Alice beamed. “Oh, thank you, Mrs. Boisvert! I know we’ll have a lovely time! Won’t we, Grace?”

  Mum blinked. “I didn’t say—”

  “And then won’t you let Grace come to the Adirondacks with us? Mother is taking us rooms at the Tahawus Club in August before we go to Washington. It will be awfully wholesome, and you’re definitely acquainted with Mother, aren’t you?” She smiled sweetly.

  Mum shook her head, but was smiling as she turned toward the door. “I’ll leave you two to your plotting.” She paused in the doorway and looked at Alice. “Your grandmother once said that you could sell boots to a python. I’m beginning to understand what she meant.”

  As the door clicked shut behind her, Alice began to mime a victory dance. Grace jumped up and clapped her hand over her mouth before she could start whooping. “She didn’t exactly say yes, in case you didn’t notice,” she murmured.

  Alice pushed her hand away. “Don’t worry. We’ll convince her.” She hesitated. “You do want to go, don’t you?”

  “More than anything,” Grace said fiercely.

  * * *

  After Alice left—she really had only paused to peck Mrs. Lee on the cheek before coming to Grace’s, and had to go back to properly greet her grandparents—Grace returned to the bathroom to check her hair and think about Alice’s invitation.

  Mum’s assumption that she “wasn’t ready” to go to Newport with Alice nettled her. She was so ready she could taste it. She unwrapped the towel from around her head and peered at her hairline in the mirror. Ha. No more green. So much for Grand-mère’s old-fashioned ways of—

  “Your Alice is gone?”

  Grace jumped and half turned, clutching the towel. “Grand-mère! I didn’t hear you come in.”

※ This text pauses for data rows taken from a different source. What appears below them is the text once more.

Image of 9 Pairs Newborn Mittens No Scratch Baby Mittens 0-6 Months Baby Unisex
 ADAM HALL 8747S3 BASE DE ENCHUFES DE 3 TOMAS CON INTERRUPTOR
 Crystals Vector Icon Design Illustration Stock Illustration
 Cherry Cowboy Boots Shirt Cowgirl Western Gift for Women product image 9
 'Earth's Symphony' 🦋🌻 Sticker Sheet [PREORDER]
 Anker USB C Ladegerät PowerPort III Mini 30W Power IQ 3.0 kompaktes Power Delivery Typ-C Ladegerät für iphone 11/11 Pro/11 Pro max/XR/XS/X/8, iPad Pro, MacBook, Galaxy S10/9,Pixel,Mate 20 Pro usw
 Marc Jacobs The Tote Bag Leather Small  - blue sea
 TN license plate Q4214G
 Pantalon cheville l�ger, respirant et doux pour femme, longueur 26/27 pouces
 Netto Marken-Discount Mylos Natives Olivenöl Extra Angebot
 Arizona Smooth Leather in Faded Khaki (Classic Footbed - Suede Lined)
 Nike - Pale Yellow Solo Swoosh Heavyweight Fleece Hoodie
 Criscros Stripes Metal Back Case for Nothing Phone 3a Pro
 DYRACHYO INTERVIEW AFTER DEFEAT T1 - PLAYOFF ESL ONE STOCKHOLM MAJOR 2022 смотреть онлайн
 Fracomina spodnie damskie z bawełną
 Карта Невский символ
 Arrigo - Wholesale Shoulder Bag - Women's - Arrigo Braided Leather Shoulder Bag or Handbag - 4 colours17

  “Hmm. That is because I haven’t yet.” Grand-mère stepped across the threshold into the bathroom and took the towel from Grace. “You did your hair, I see.” She wore a high-necked black silk dress and a heavy gold chain looped at her waist to hold her watch. The chain was festooned with her collection of charms and fobs. Grace wished she knew how she could walk so silently with all those jangling bits of gold on her.

  “Er…yes. I didn’t want to disturb you, but it was past time to do it,” she said.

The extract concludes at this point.